AIM OF THE TASK >> The lines below starting at the line containing "In this video, we" and ending at the line containing "So hope you" are to be repeated exactly, with both ends kept and nothing else added.

DATA LISTING >>
Segment Open

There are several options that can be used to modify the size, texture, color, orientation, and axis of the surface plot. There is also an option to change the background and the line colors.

Segment Closed
Segment Open

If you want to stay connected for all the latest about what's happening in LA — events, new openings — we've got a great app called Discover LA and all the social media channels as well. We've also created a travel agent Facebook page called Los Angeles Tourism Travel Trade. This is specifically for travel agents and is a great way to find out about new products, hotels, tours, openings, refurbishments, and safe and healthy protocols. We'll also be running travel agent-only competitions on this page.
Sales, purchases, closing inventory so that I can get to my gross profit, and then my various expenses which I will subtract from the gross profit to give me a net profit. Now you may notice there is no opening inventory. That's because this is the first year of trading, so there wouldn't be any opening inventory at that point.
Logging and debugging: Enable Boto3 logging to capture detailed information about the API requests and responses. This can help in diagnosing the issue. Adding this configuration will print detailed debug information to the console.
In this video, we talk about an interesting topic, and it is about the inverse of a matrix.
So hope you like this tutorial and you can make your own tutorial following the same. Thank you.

Segment Closed

EXERCISE ANSWER >>
In this video, we talk about an interesting topic, and it is about the inverse of a matrix.
So hope you like this tutorial and you can make your own tutorial following the same. Thank you.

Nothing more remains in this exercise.